There is nothing wrong with the real estate industry growing in an international city like Hong Kong. And there should also be nothing wrong with the level of property prices - whether in the current uptrend or in the downtrend during the Asian financial crisis.
Hong Kong has been proud of being a free market for generations, and that is one of the things that makes the city different from the rest of China.
People make their own decisions whether to buy or sell. There are profit-takers, and there are also risk-takers.
If every detail must come under the government's control, that is a recipe for a planned economy.
There is something wrong with the way the question about property prices in Hong Kong is asked. It's always: "Are they too high?"
The real question most of us miss is how the government can ensure people can better afford to buy property.

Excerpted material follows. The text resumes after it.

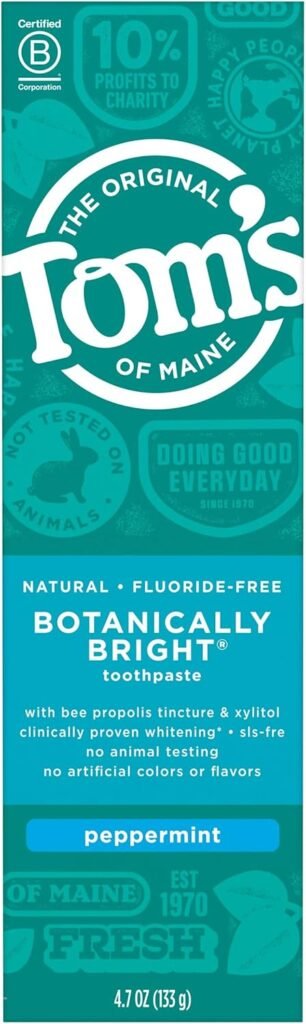 Tom’s of Maine Natural Fluoride-Free SLS-Free Botanically Bright Toothpaste, Peppermint, 4.7 oz. (Packaging May Vary)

Public housing is one way to allow more ordinary people, in particular those with low incomes, to obtain their first homes. For other people, the property problem the Hong Kong government is facing is no different from that elsewhere.
It is, in fact, a problem of employment and economic growth: how much money do you need to earn to be able to afford to buy your first home at a given price level?
That is the issue underlying the question whether the city's property prices are cheap or expensive. How cheap is cheap? And how expensive is expensive? A hundred people will give 100 different answers.
I grew up in Shanghai. When Starbucks and Pizza Hut first opened their shops in Shanghai more than a decade ago, I was studying at university.
A cup of Starbucks latte cost something like 10 yuan, a luxury for students at that time. Many young Shanghainese would take their boyfriends and girlfriends on dates to Pizza Hut, which was considered a decent restaurant about 10 years ago rather than just another fast-food place.
Today, the same cup of Starbucks latte costs about 30 yuan (HK$37.30) and it is no longer a luxury but a daily necessity for some students.
How much has Starbucks raised the price of its coffee over the past decade? About threefold.
How much have Hong Kong's property prices gained since 1997, when they last peaked? Of course, coffee and real estate are two very different things, but few people would try to politicise the coffee price by blaming mainlanders in part for buying too much - nor would the government attempt to do so.
People on the mainland can certainly afford to buy a great deal more today than they could a decade ago, thanks to their increasing incomes, which are catching up rapidly with Hong Kong levels.
Rather than blaming developers, non-local buyers and the money-printing US Federal Reserve for high property prices, the Hong Kong government should focus on how to make Hongkongers rich in the big wave of global economic rebalancing over the next few decades.